= MANIC (cognitive architecture) =

MANIC, formerly known as PMML.1, is a cognitive architecture developed by the predictive modeling and machine learning laboratory at the University of Arkansas. It differs from other cognitive architectures in that it tries to "minimize novelty". That is, it attempts to organize well-established techniques in computer science, rather than propose any new methods for achieving cognition. While most other cognitive architectures are inspired by some neurological observation, and are subsequently developed in a top-down manner to behave in some manner like a brain, MANIC is inspired only by common practices in computer science, and was developed in a bottom-up manner for the purpose of unifying various methods in machine learning and artificial intelligence.

==Overview==
At the highest level, MANIC describes a software agent that, supposedly, will exhibit cognitive intelligence.
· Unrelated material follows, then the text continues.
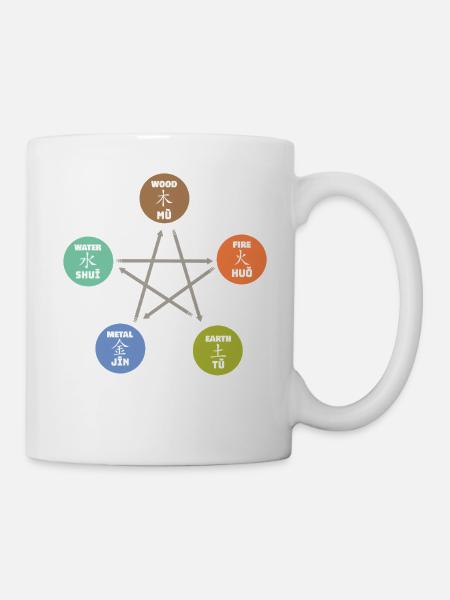 Qigong Qi Gong Tai Chi Chigong - Tasse - Weiß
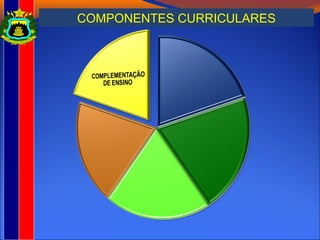 COMPONENTES CURRICULARES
The agent's artificial brain comprises two major components: a learning system and a decision-making system.

===Learning system===
The learning system models the agent's environment as a dynamical system. It consists of an "observation function", which maps from the agent's current beliefs to predicted observations, and a "transition function", which maps from current beliefs to future beliefs in the next time-step. The observation function is implemented with a generative deep learning architecture. It is trained in an unsupervised manner from the observations that the agent makes. The intrinsic representations of those observations become the agents "beliefs". The transition function is trained in a supervised manner to predict the next beliefs from the current ones. The entire learning system is based loosely on a 2011 paper by Michael S. Gashler that describes a method for training a deep neural network to model a simple dynamical system from visual observations.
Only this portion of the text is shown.